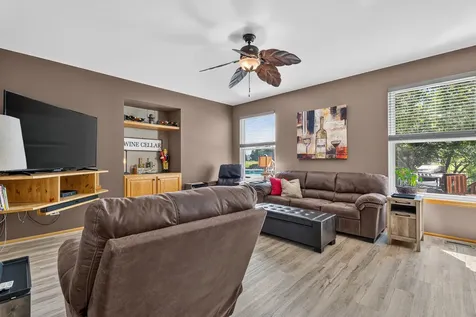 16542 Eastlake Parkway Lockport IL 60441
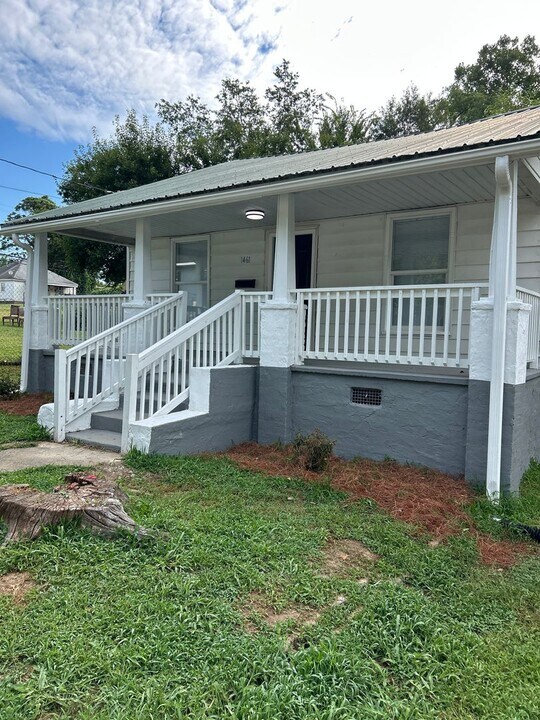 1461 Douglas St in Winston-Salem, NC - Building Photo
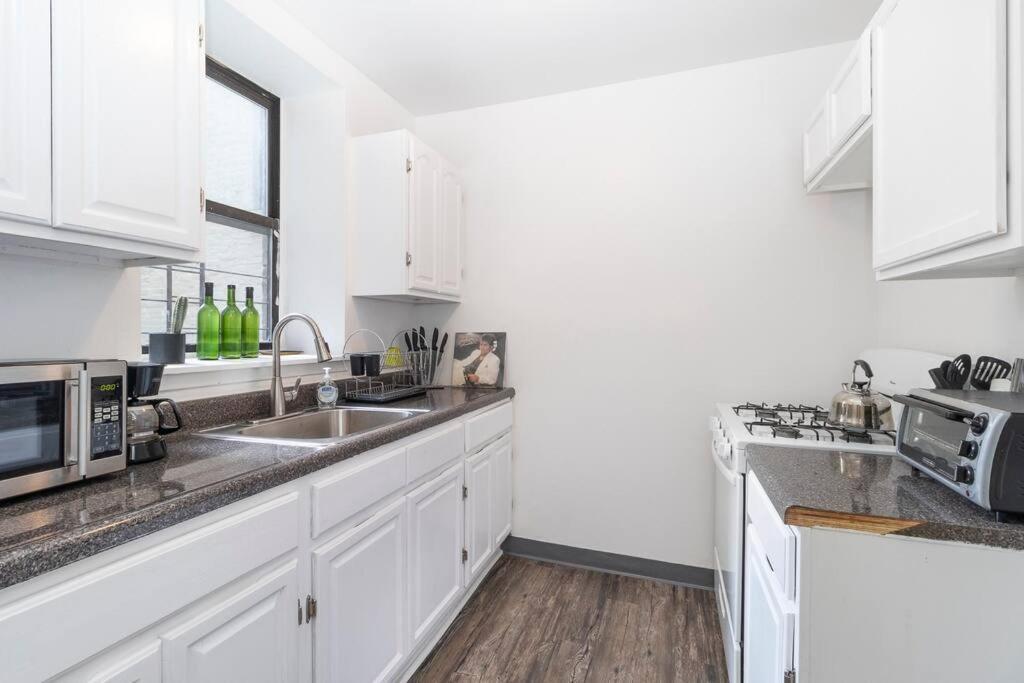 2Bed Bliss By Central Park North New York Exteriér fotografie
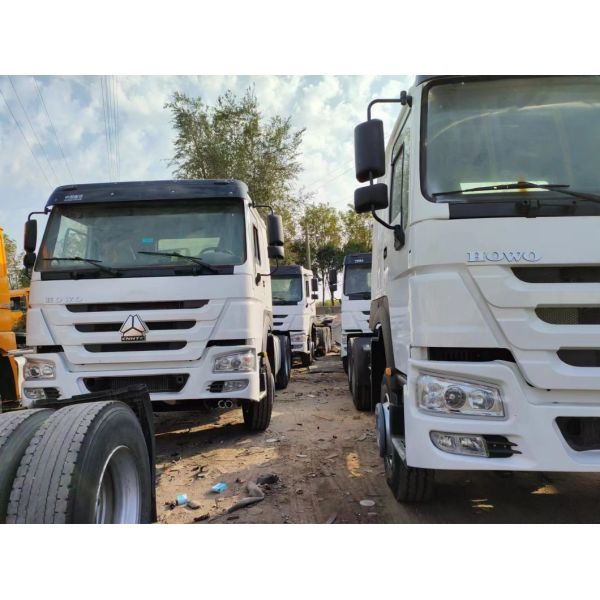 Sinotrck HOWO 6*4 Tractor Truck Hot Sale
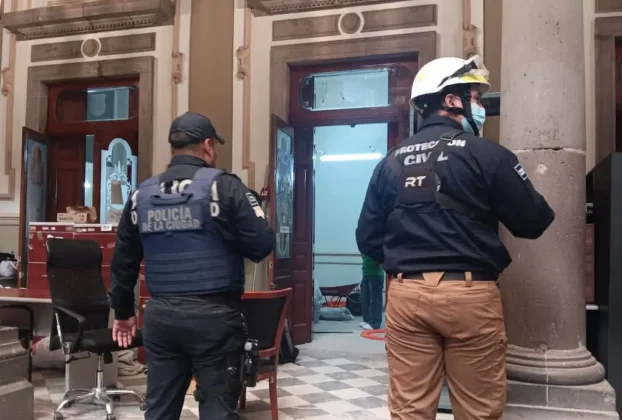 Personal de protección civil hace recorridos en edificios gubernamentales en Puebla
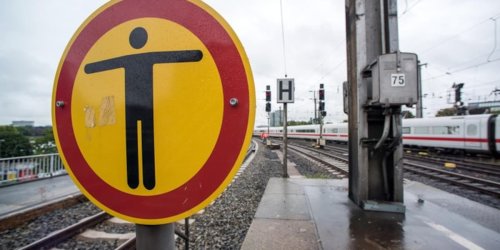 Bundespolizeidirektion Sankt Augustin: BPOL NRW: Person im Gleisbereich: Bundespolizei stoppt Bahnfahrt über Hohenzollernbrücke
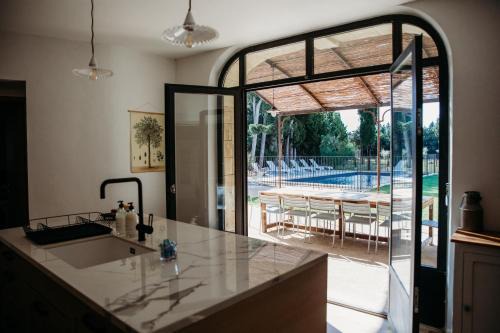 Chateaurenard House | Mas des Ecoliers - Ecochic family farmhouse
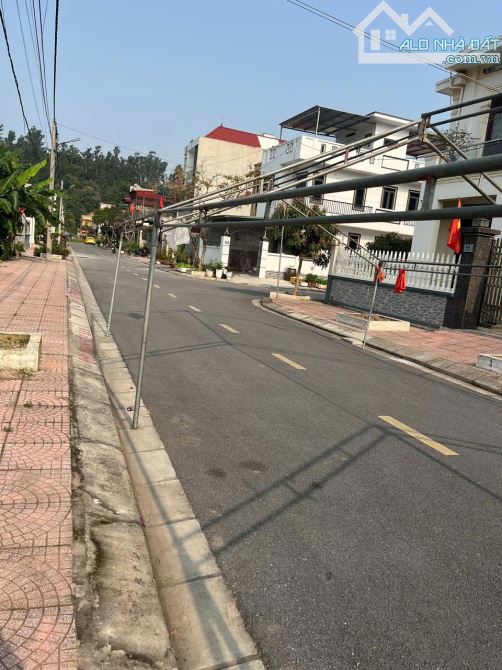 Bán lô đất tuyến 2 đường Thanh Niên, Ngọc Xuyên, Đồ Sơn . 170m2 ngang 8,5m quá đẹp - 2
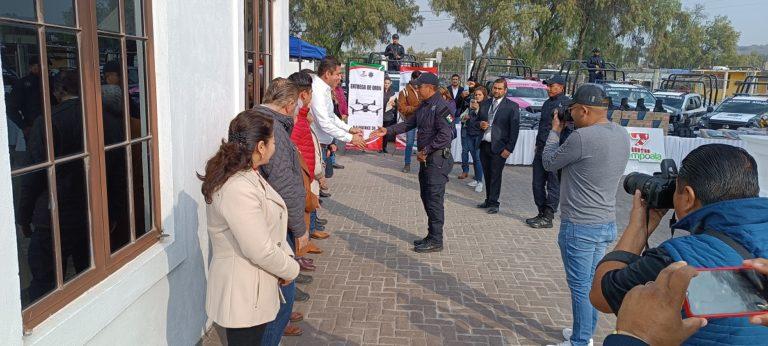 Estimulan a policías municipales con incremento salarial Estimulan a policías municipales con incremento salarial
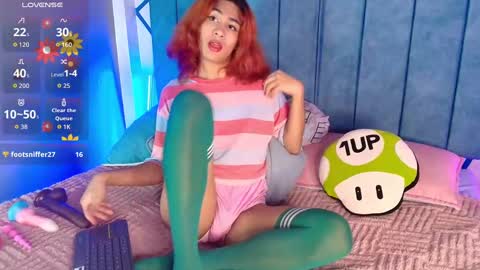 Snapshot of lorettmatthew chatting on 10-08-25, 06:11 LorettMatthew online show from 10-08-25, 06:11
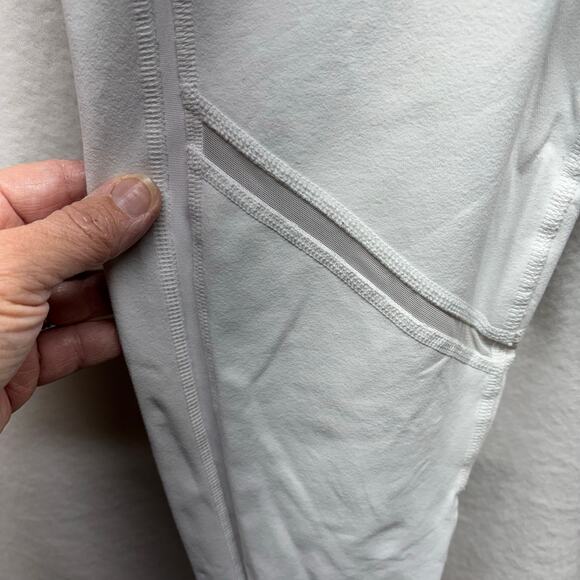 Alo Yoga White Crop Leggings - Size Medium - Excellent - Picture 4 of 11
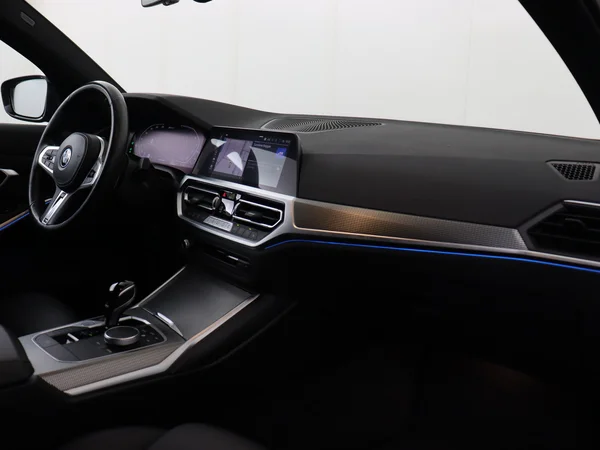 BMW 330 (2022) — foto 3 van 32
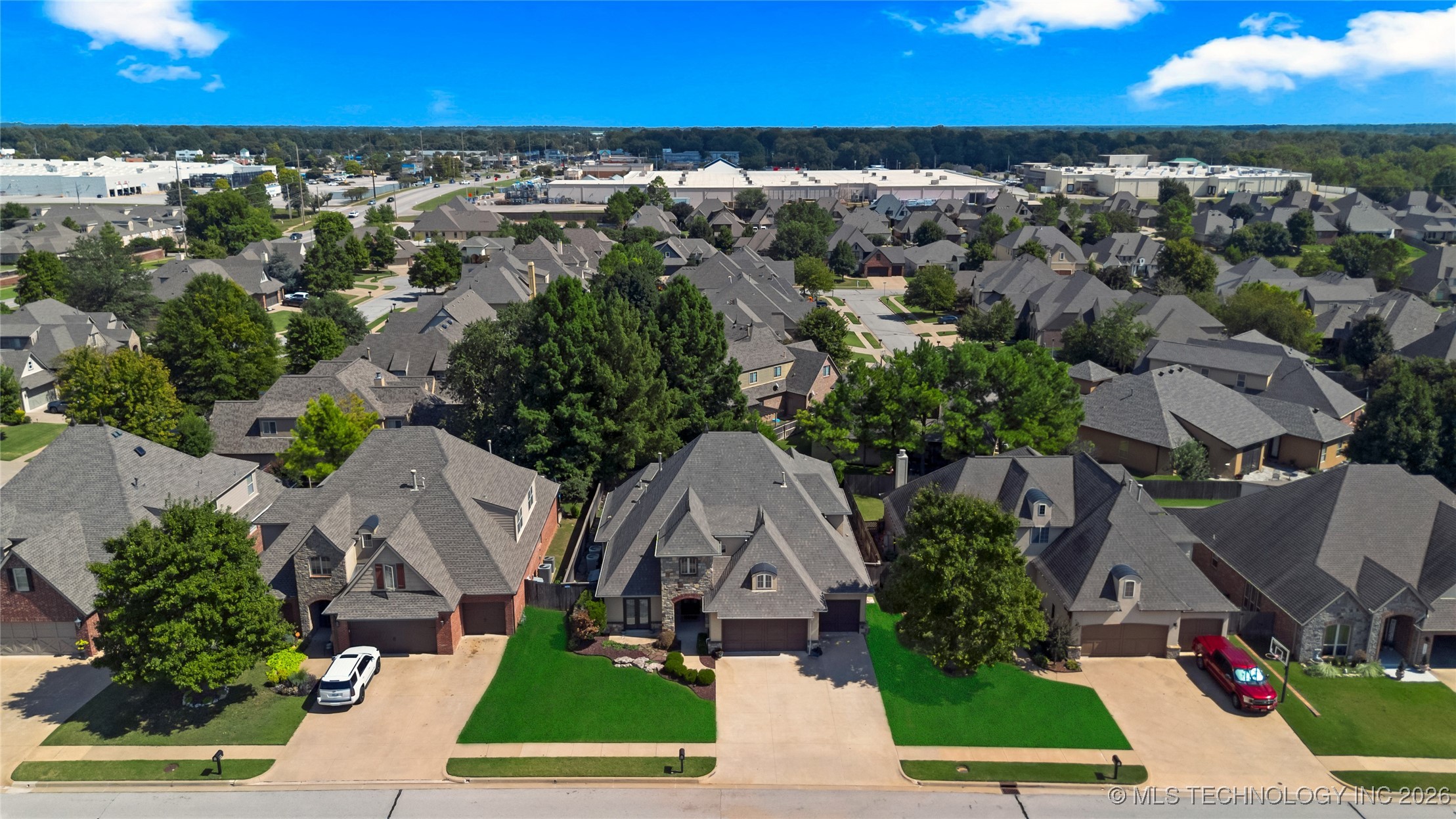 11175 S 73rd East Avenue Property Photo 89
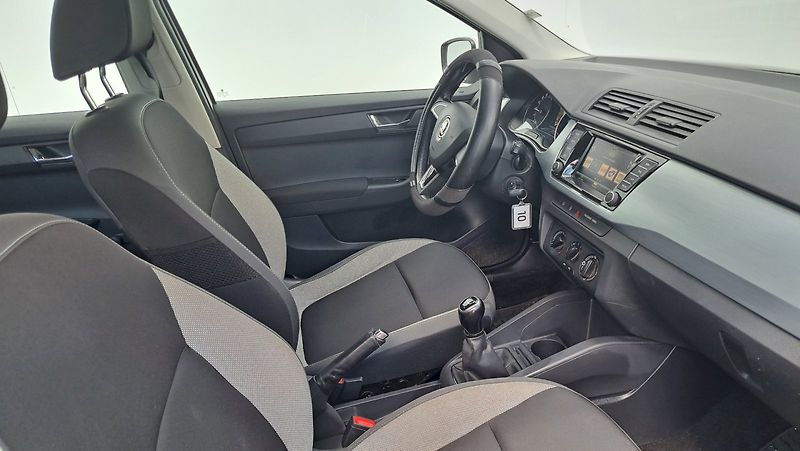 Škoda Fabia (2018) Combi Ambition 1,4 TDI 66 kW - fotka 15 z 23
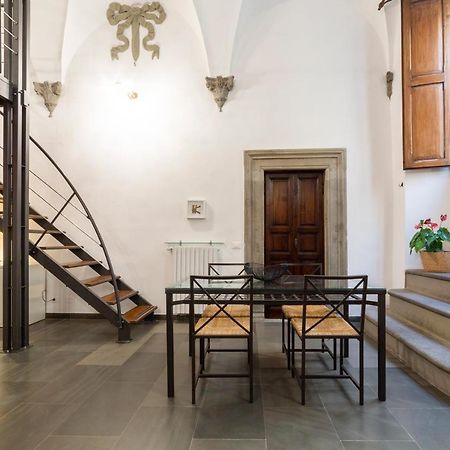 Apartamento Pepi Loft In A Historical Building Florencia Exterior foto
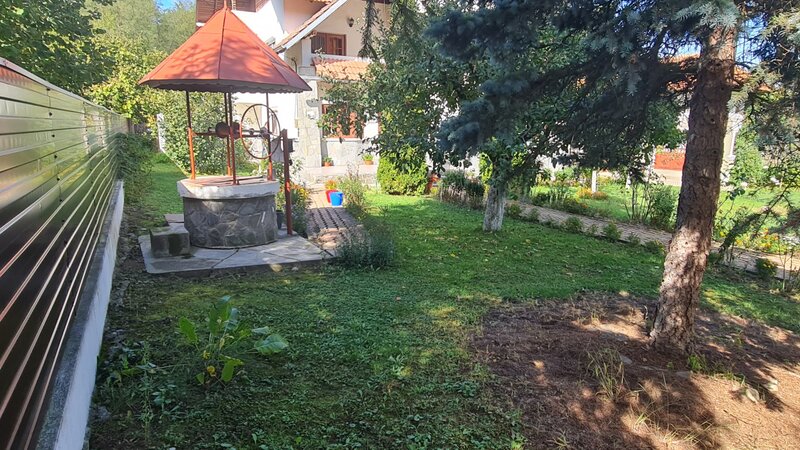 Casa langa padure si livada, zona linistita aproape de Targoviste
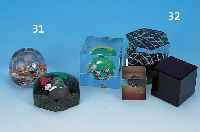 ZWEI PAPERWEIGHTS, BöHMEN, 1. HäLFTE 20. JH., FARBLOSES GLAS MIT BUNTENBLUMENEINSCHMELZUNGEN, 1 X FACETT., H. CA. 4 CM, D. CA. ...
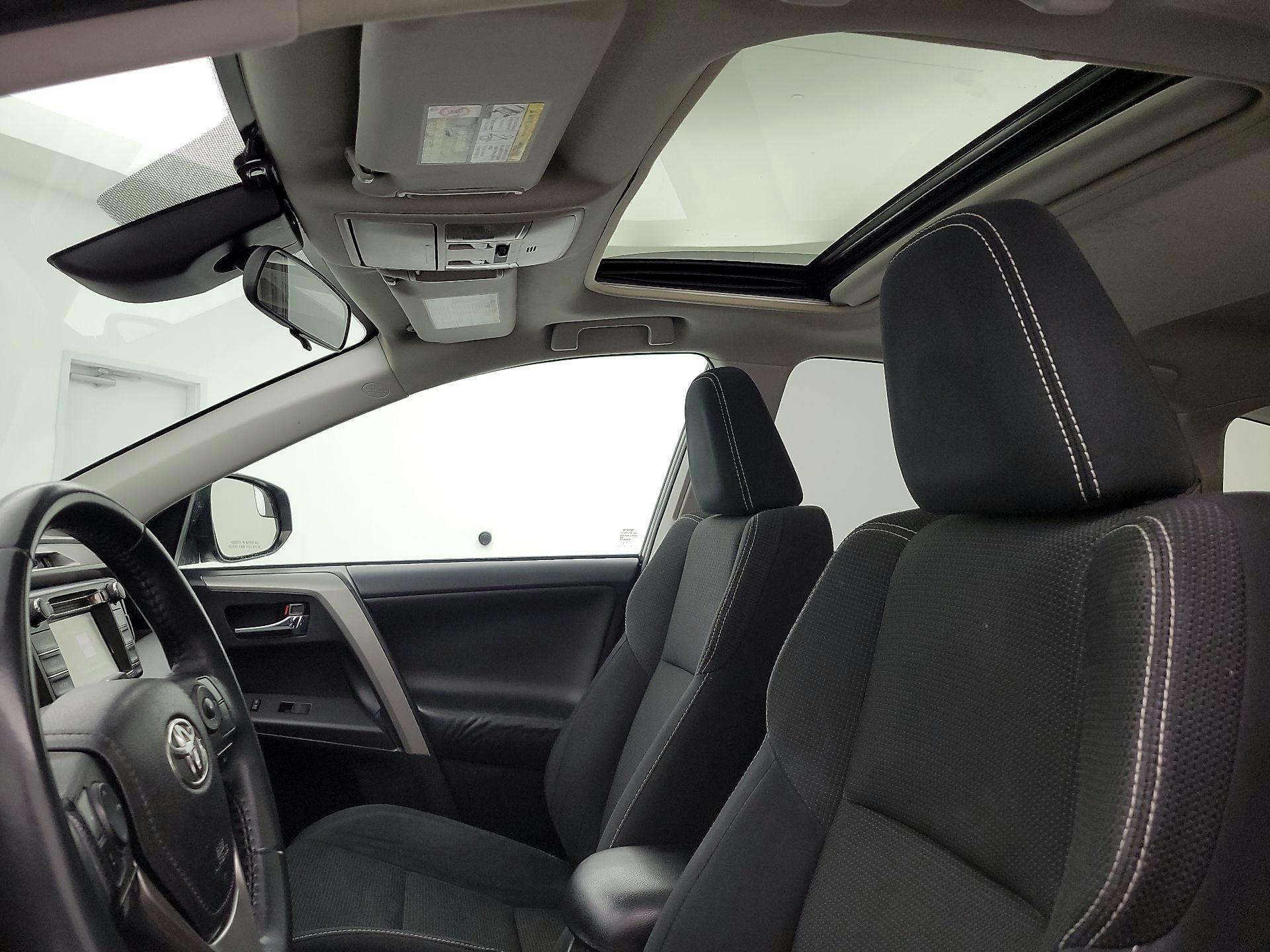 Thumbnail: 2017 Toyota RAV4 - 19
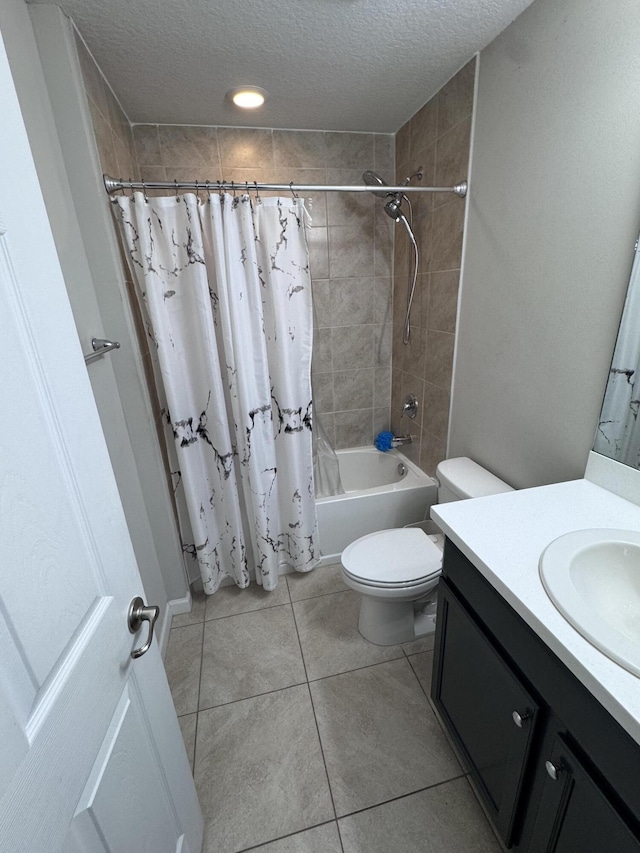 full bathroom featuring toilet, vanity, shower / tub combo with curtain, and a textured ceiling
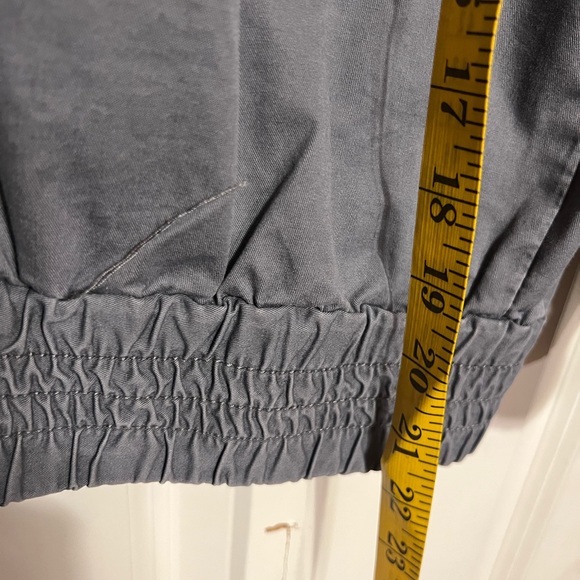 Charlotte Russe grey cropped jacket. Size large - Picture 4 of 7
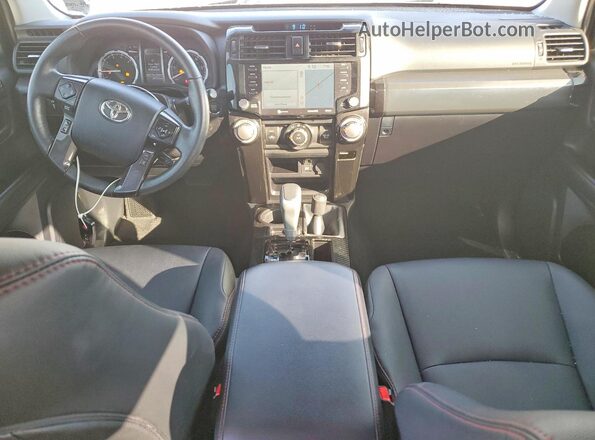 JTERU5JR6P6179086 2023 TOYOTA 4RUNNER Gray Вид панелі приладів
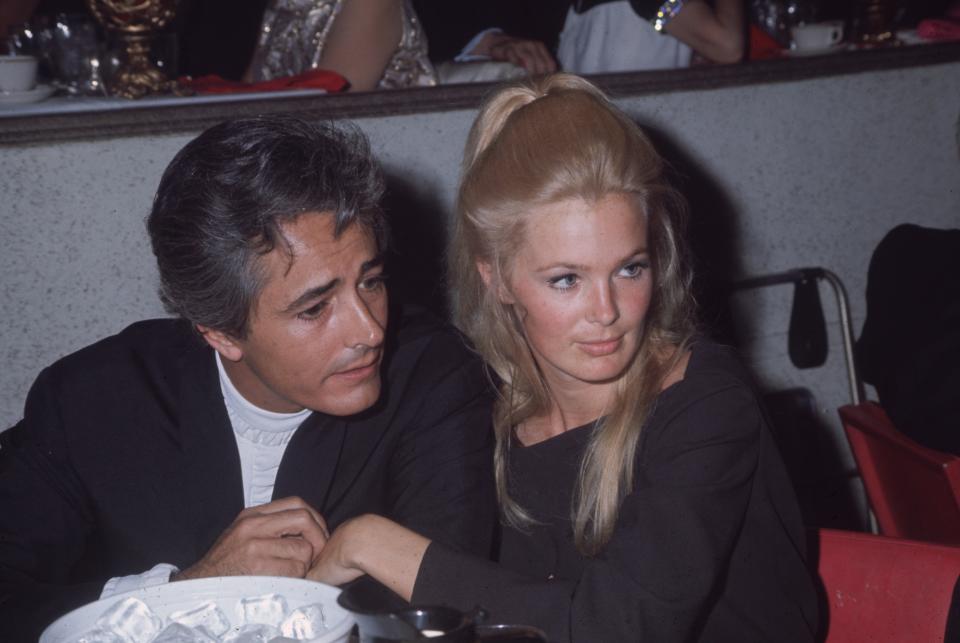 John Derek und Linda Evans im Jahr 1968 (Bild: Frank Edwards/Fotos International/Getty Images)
::::
> _Problem to work on_
Your copy should consist only of the lines from the line holding "Alo Yoga White" through the final line of the listing above, both included, with all pictures omitted.

> _Answer section_
 Alo Yoga White Crop Leggings - Size Medium - Excellent - Picture 4 of 11
 BMW 330 (2022) — foto 3 van 32
 11175 S 73rd East Avenue Property Photo 89
 Škoda Fabia (2018) Combi Ambition 1,4 TDI 66 kW - fotka 15 z 23
 Apartamento Pepi Loft In A Historical Building Florencia Exterior foto
 Casa langa padure si livada, zona linistita aproape de Targoviste
 ZWEI PAPERWEIGHTS, BöHMEN, 1. HäLFTE 20. JH., FARBLOSES GLAS MIT BUNTENBLUMENEINSCHMELZUNGEN, 1 X FACETT., H. CA. 4 CM, D. CA. ...
 Thumbnail: 2017 Toyota RAV4 - 19
 full bathroom featuring toilet, vanity, shower / tub combo with curtain, and a textured ceiling
 Charlotte Russe grey cropped jacket. Size large - Picture 4 of 7
 JTERU5JR6P6179086 2023 TOYOTA 4RUNNER Gray Вид панелі приладів
 John Derek und Linda Evans im Jahr 1968 (Bild: Frank Edwards/Fotos International/Getty Images)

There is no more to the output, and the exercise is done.